Phillip Kerpen, research coordinator for the group, said it planned to spend $10 million in this election cycle and that the club was considering running issue ads.
The Club has already run double-sided advertising inserts in Forbes and National Review seeking members who want to “change the balance of power in Congress.”
Outgrowth of 1980s Group
The Club for Growth is an outgrowth of a group that had been a mechanism for bundled contributions from Wall Street players since the late 1980s, the Political Club for Growth. Gilder, Rhodes and members of Gilder’s investment firm, Gilder, Gagnon, Howe & Co., were contributors. They gave $14,700 since 1993.

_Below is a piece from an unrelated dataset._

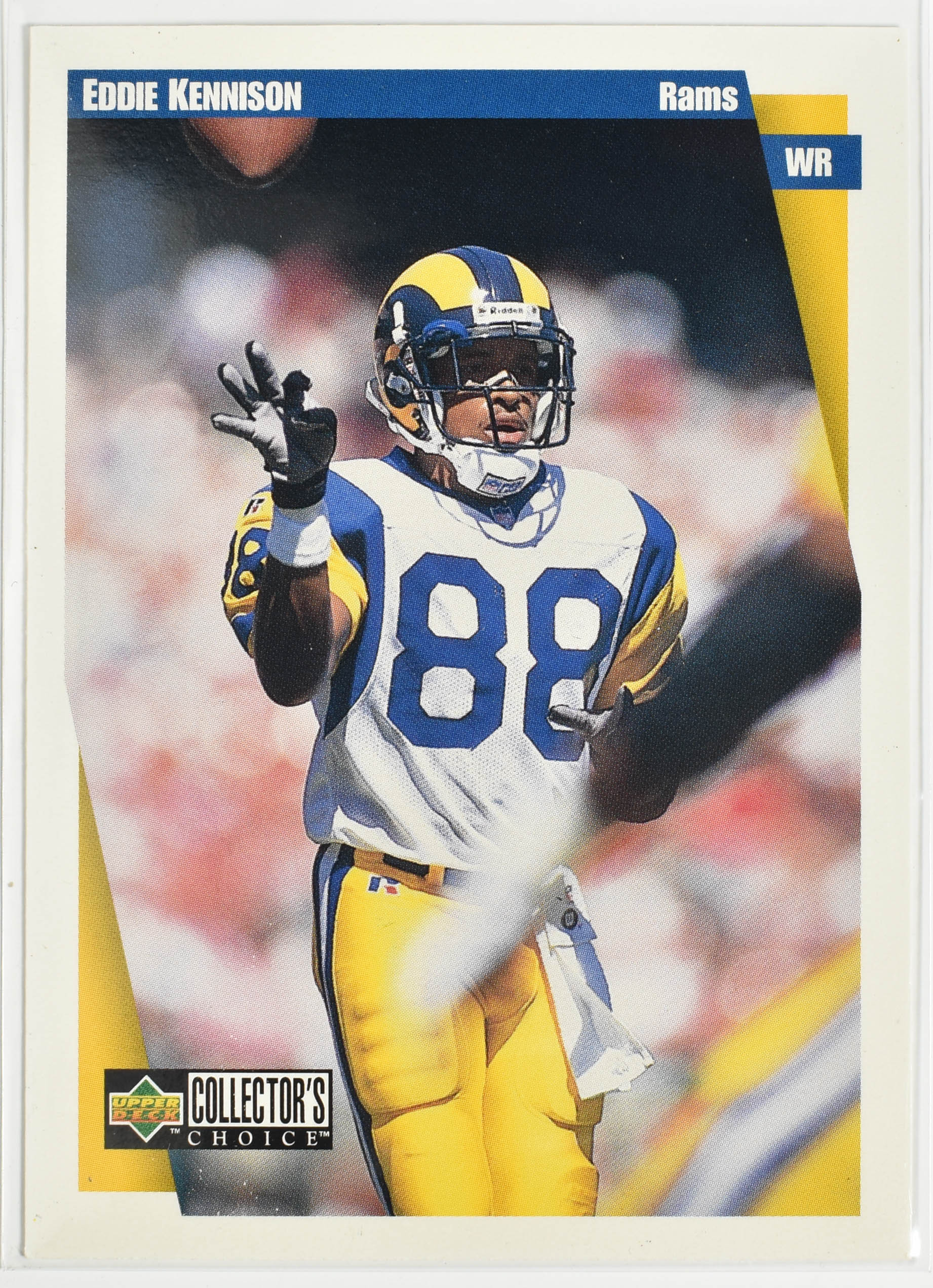 Eddie Kennison 255 Upper Deck 1997 Rams Football Card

Club for Growth president Moore has a solid conservative pedigree. He once was enlisted by House Majority Leader Dick Armey, R-Texas, on the Joint Economic Committtee and worked for the Heritage Foundation. Leila Bate, executive director, is a former legislative director for Representative David McIntosh, R-Ind., and worked for the conservative nonprofit issue advocacy group Citizens for a Sound Economy. The group’s founders committee includes such conservatives as Brent Bozell, founder of the Media Research Center, Newt Gingrich’s GOPAC Executive Director Lisa Nelson, and philanthropist and school-voucher activist Virginia Gilder.
Other committee members from Wall Street include Frank Baxter, chief executive officer of the Jeffries Group investment firm; Terry Considine, chairman of Apartment Investment and Management Co. and former Colorado candidate for the U.S. Senate; and Brian Wesbury, chief economist at the Griffin, Kubik, and Stephens investment firm, based in Chicago.